Implementing Matrix Multiplication in Triton with L2 Cache Optimization: A Tutorial

A tutorial on matrix multiplication implementation with GPU memory hierarchy optimization

05-11-2025

Matrix Multiplication and Memory

Before diving into Triton kernels or any optimization tricks, I think it's worth grounding the discussion in what we're actually trying to speed up: matrix multiplication. If you're already familiar with the basics, feel free to jump to the next part.
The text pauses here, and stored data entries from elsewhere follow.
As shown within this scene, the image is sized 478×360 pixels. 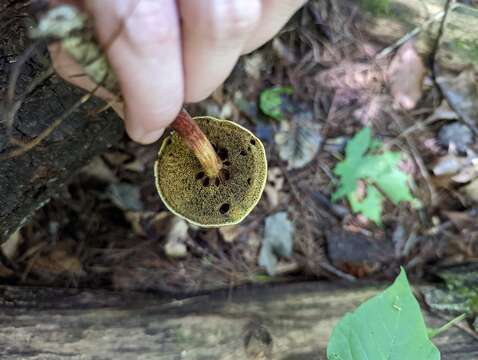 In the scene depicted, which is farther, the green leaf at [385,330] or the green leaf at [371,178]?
the green leaf at [371,178]

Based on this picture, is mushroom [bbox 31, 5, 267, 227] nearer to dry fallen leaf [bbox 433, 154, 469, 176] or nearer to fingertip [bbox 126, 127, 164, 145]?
fingertip [bbox 126, 127, 164, 145]

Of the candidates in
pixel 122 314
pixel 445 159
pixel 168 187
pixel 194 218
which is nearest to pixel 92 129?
pixel 168 187

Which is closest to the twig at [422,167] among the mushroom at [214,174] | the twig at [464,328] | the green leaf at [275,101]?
the green leaf at [275,101]

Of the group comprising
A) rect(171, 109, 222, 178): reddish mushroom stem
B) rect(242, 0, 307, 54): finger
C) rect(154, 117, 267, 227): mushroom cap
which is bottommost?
rect(154, 117, 267, 227): mushroom cap

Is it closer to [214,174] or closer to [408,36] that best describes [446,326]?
[214,174]

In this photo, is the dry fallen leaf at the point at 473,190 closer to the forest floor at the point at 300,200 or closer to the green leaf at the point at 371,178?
the forest floor at the point at 300,200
This part is more about setting the stage for why things get complicated on a GPU.

Matrix multiplication is probably one of the most straightforward operations to write down but deceptively hard to optimize. You take two matrices, say $A$ of shape $(M, K)$ and $B$ of shape $(K, N)$, and you want to compute $C = AB$ of shape $(M, N)$. Each element $C_{ij}$ is a dot product between the $i$-th row of $A$ and the $j$-th column of $B$. That's it. One loop over rows, one over columns, and one over the inner dimension $K$ for the dot product:

# Simple matrix multiplication
for i in range(M):
    for j in range(N):
        for k in range(K):
            C[i][j] += A[i][k] * B[k][j]

But that triple for-loop is exactly what we want to avoid, especially on a GPU.

Jumping back to hardware for a second. Unlike other languages, when I started looking into Triton, different hardware-related terms kept coming up (e.g. DRAM, SRAM, etc.) I vaguely knew GPUs had different types of memory, but I hadn't internalized what that meant. So here's what I learned, put concisely.

GPUs have a memory hierarchy. DRAM, or global memory, is huge (e.g. 10GB) but slow. Accessing DRAM takes hundreds of clock cycles. On the other hand, there's SRAM, which is super fast (a few cycles), but tiny (typically just tens of kilobytes per thread block). This SRAM is also called shared memory, and using it well is one of the biggest goals in GPU programming, which is why FlashAttention was so useful.

Now imagine if we actually ran that triple for-loop above on the GPU, naïvely. Every access to A[i][k] or B[k][j] would go to DRAM, which is a lot of memory traffic. Worse, the same values would get read over and over again by different threads, wasting bandwidth. So even though the GPU has hundreds of threads ready to compute some numbers, they end up waiting around for memory. That's the bottleneck—not compute, but memory.

Memory vs Compute

This is a figure taken from Horace's blog. Despite the fast speed of "Compute", it still has to wait for "Memory" to send over the data.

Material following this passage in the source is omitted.